Ucell
- Company type: Private
- Industry: Telecommunications
- Headquarters: Tashkent, Uzbekistan
- Area served: Uzbekistan
- Products: Cellular network, mobile broadband
- Owner: Republic of Uzbekistan
- Website: www.ucell.uz

= Ucell =

Ucell (Ucell) is the largest mobile network brand in Uzbekistan, owned and operated by the Uzbek company COSCOM, itself owned by State Committee of the Republic of Uzbekistan for Assistance to Privatized Enterprises and Development of Competition (a governmental authority of Uzbekistan). The Ucell network offers mobile telephony and mobile internet services in Uzbekistan using GSM, UMTS, HSPA, LTE and 5G technologies.

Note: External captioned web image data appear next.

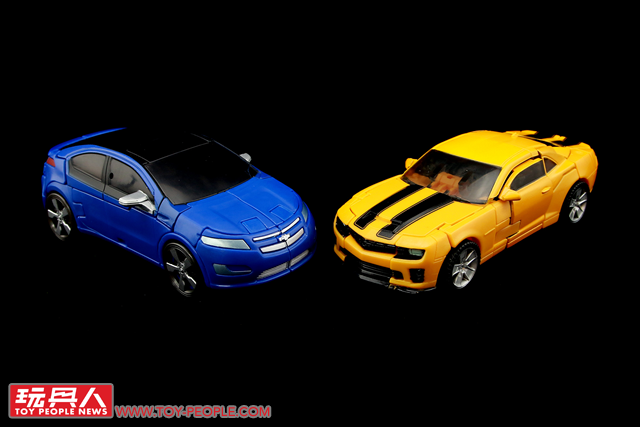 掌中重溫大螢幕的悸動!孩之寶變形金剛「電影工作室系列」開箱報告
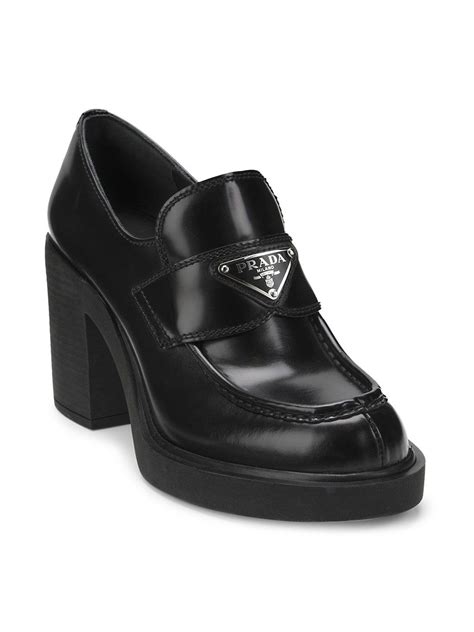 saks prada heels|where to buy prada shoes.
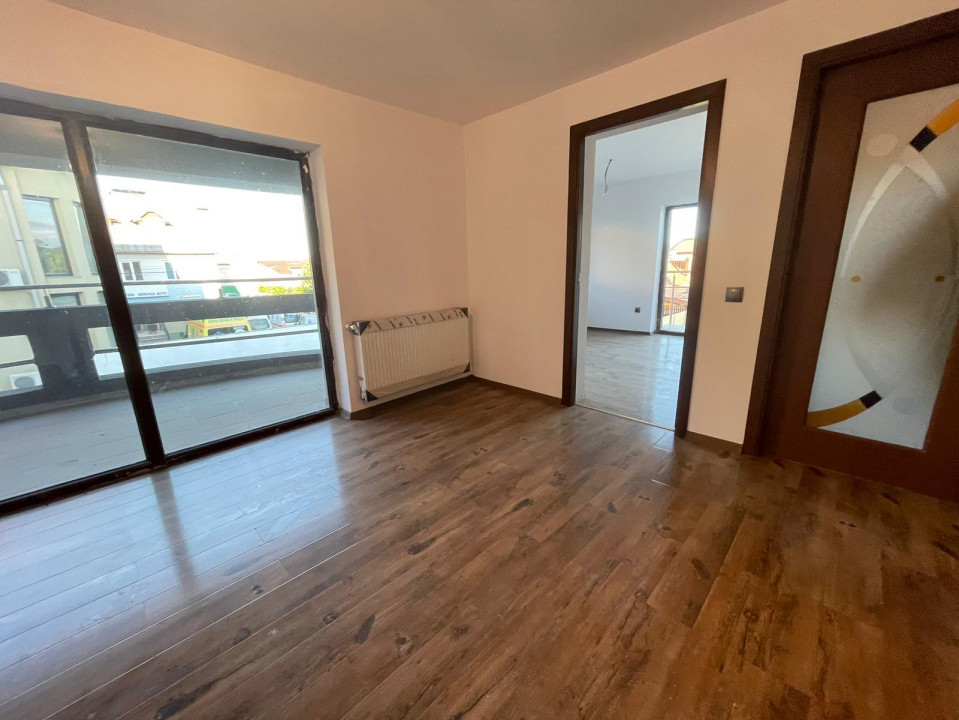 Casă individuală de vânzare, 286mp utili, teren 669mp 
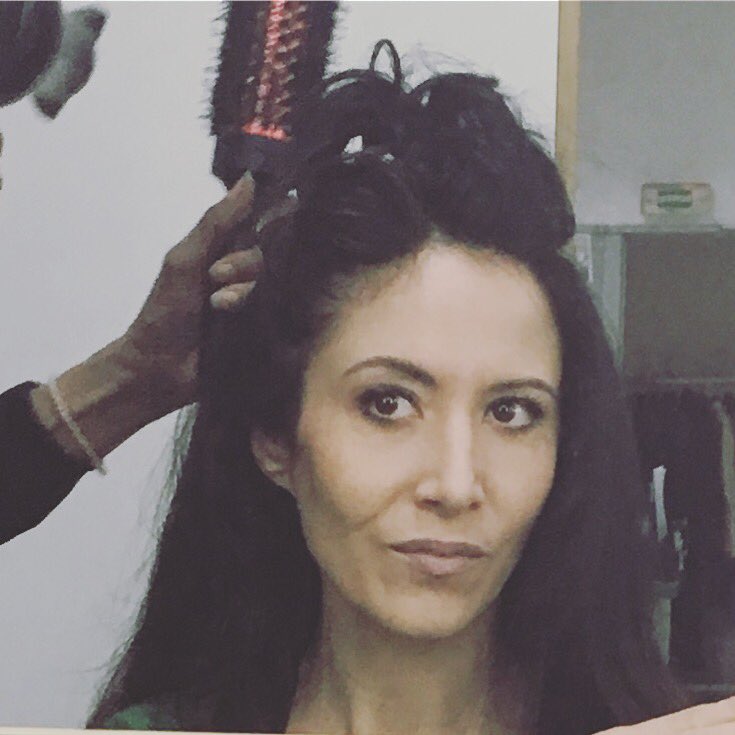 FABIENNE_CARAT's tweet photo. Dur dur le #changementdheure #lundimatin lol #lavieilleexcuse 😂 #instabrush
Belle semaine à tous 😚😚😚 https://t.co/h6vHPd5kor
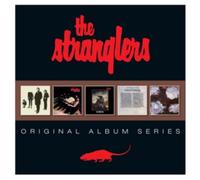 The Stranglers – Original Album Series – Coffret CD – Rhino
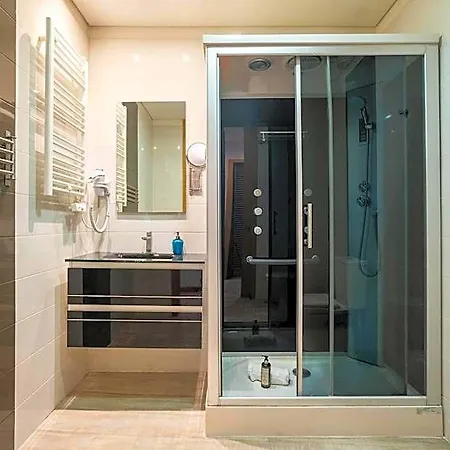 Appartement Smartr Porto Reis De Gaia &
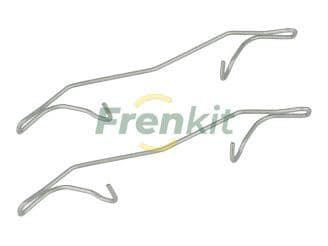 Set accesorii, placute frana FRENKIT 901180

Ucell was established in 1996 under the brand Coscom. Telia Company became the majority owner in 2007 and the company changed its name into Ucell in 2008. On 5 December 2018, Telia Company sold its interest in Ucell to the State Committee of the Republic of Uzbekistan for Assistance to Privatized Enterprises and Development of Competition, a governmental authority of Uzbekistan, for a price corresponding to $215 million on a debt free basis. On this date company has roughly 1,250 employees and 7.1 million subscribers. Ucell's 2G network covers approximately 97% of Uzbekistan and its 3G network covers roughly 60% of the country.

On 29 September 2021, COSCOM MCHJ, together with USM Telecom and MegaFon, concluded the establishment phase of Digital Holding joint venture.